Meine Damen und Herren, daß die Bundesregierung keinen Gesetzentwurf vorlegt, erstaunt mich sehr. Ich habe nicht damit gerechnet, daß Herr Zimmermann, verehrter Herr Kollege Waffenschmidt, auch hier resignieren würde.
Sie haben darauf hingewiesen, welche schwierige Rechtsmaterie hier zu regeln sei. Ist es da nicht die Aufgabe des Bundesinnenministers und des Bundesjustizministers, dem Kabinett einen abgestimmten Entwurf vorzulegen?
Oder ist es Aufgabe von Koalitionsfraktionen, das im einzelnen zu erarbeiten?
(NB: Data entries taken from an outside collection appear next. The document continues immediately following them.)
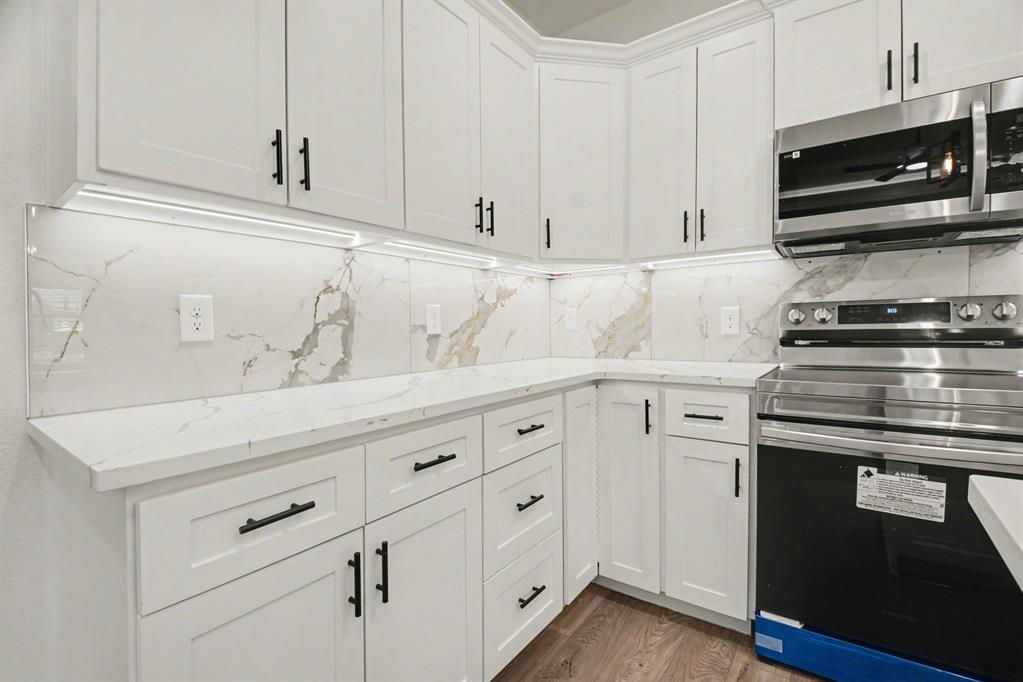 COUNTRY CLUB MANOR - Residential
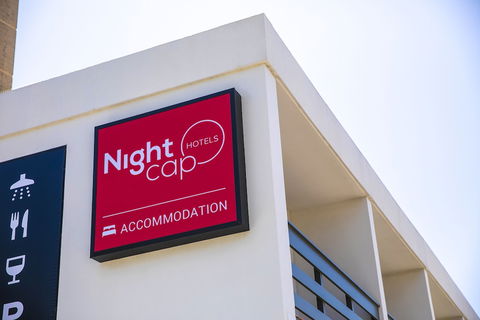 Nightcap At Watermark Glenelg - Darwin Tourism 2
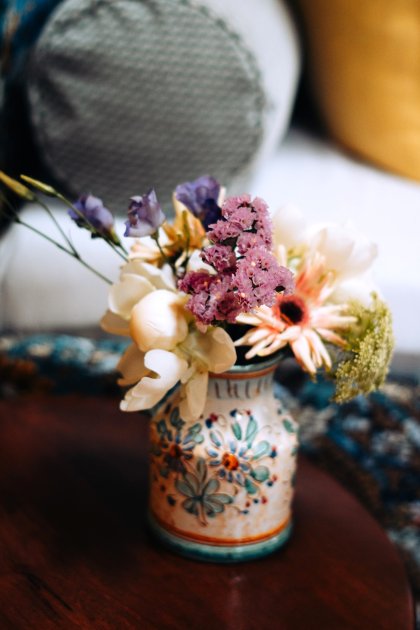 Handbeschilderde bloemvaas als sfeerdetail in een hotelkamer, hotelinterieur door cestsjoukje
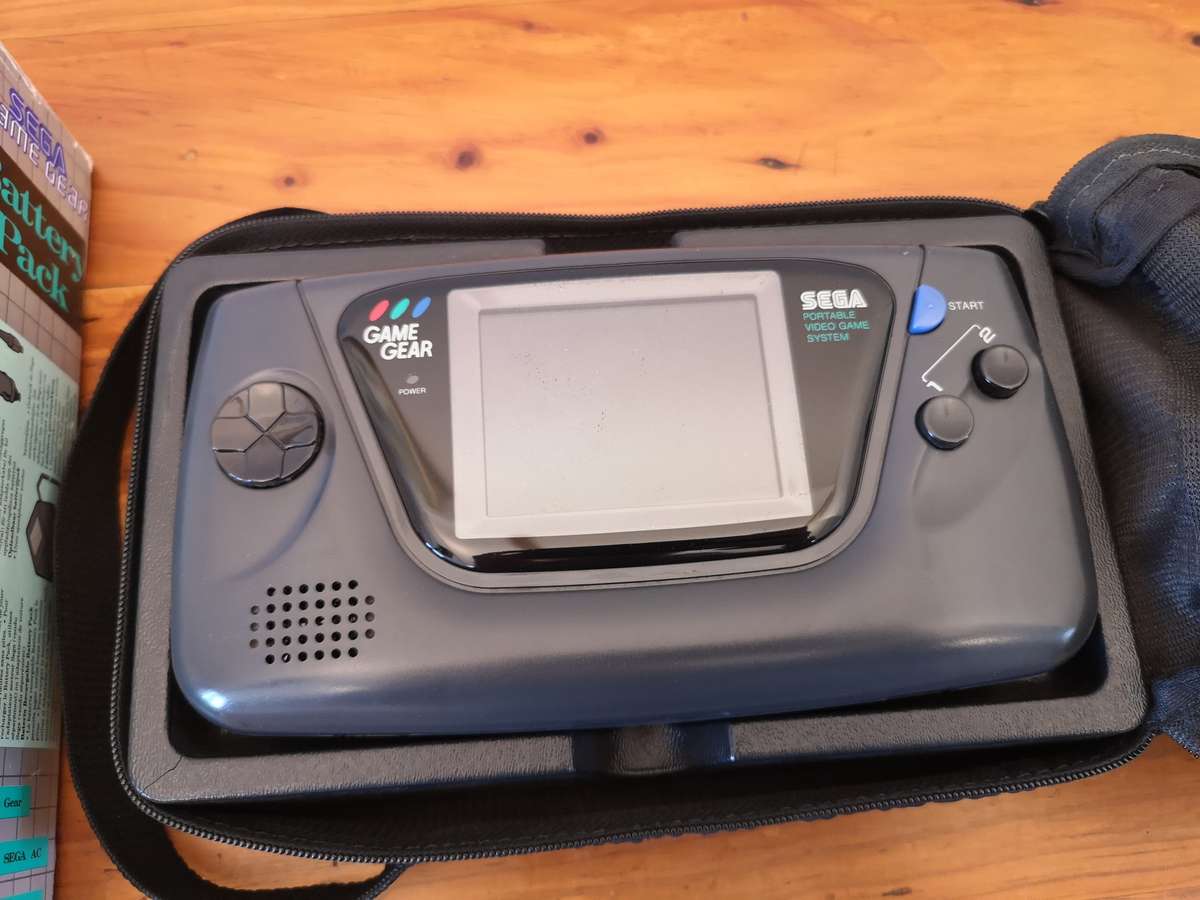 Sega game gear handheld console **please read**
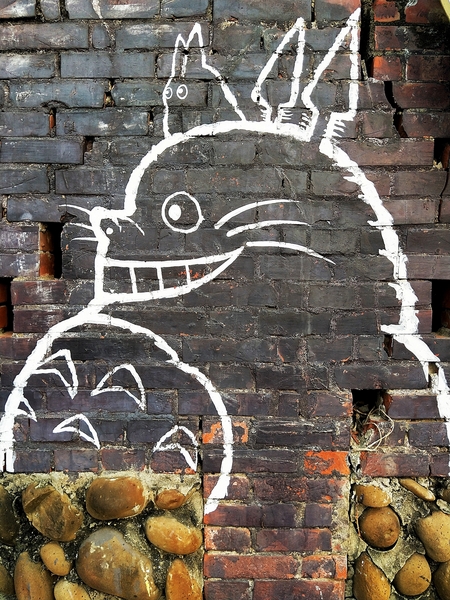 龍貓公車站:【台南大內景點】龍貓公車站~TOTORO還有各種卡通人物大集合 可愛又療癒的彩繪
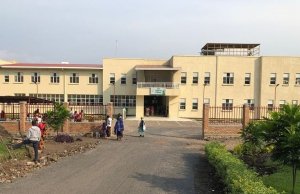 Ibitaro bya Gisenyi biratabaza kubera abarwayi babyambuye akayabo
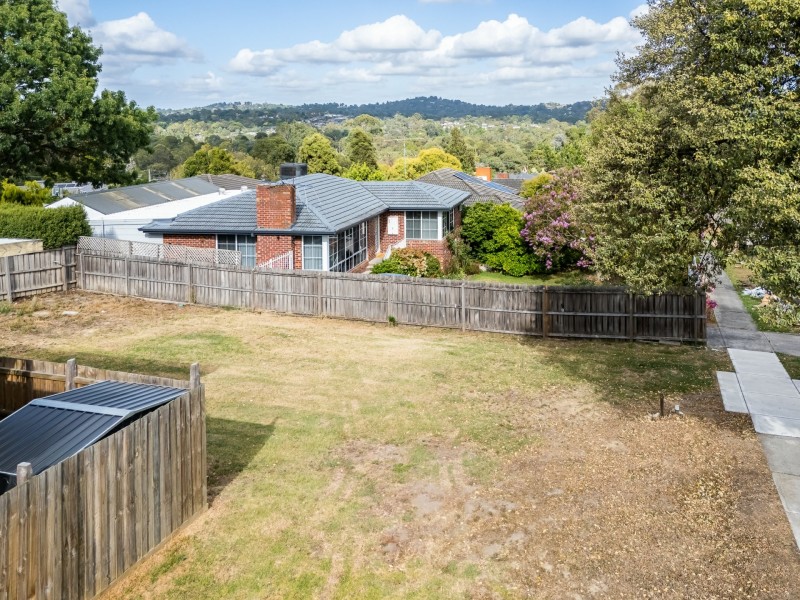 3 Shirley Street, Mooroolbark VIC 3138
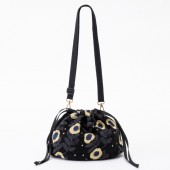 【SALE】kippis 刺しゅう巾着ショルダーバッグ　Lentokukka black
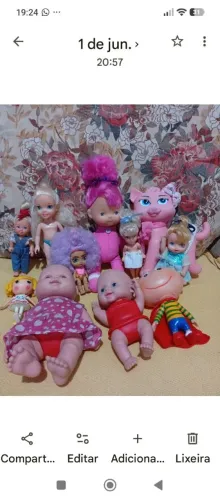Bonecas sortidas vai como está nas fotos.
Ich meine, das wirft ein bezeichnendes Licht auch auf die Führungsfähigkeit dieser Bundesregierung.
Eine ähnliche Zurückhaltung ist auch beim bereichsspezifischen Datenschutz festzustellen, im Sicherheitsbereich, meine Damen und Herren. Während die Länder in der Innenministerkonferenz intensiv an den erforderlichen Änderungen ihrer Polizeigesetze arbeiten — Sie haben zu Recht darauf hingewiesen —, inwieweit nämlich bereichsspezifische Regelungen notwendig sind, ist immer noch ungeklärt, wie weit die Vorschriften des Bundesrechts geändert werden. Meine Damen und Herren, insbesondere vermisse ich Vorstellungen über die Änderung der Strafprozeßordnung. Denn das, was die Innenministerkonferenz zur Novellierung des Musterentwurfs für ein Polizeigesetz vorlegen kann, bleibt ein Torso, wenn nicht gleichzeitig die Strafprozeßordnung geändert wird. Aber hier scheinen sich der Innenminister und der Justizminister im Zaudern zu finden.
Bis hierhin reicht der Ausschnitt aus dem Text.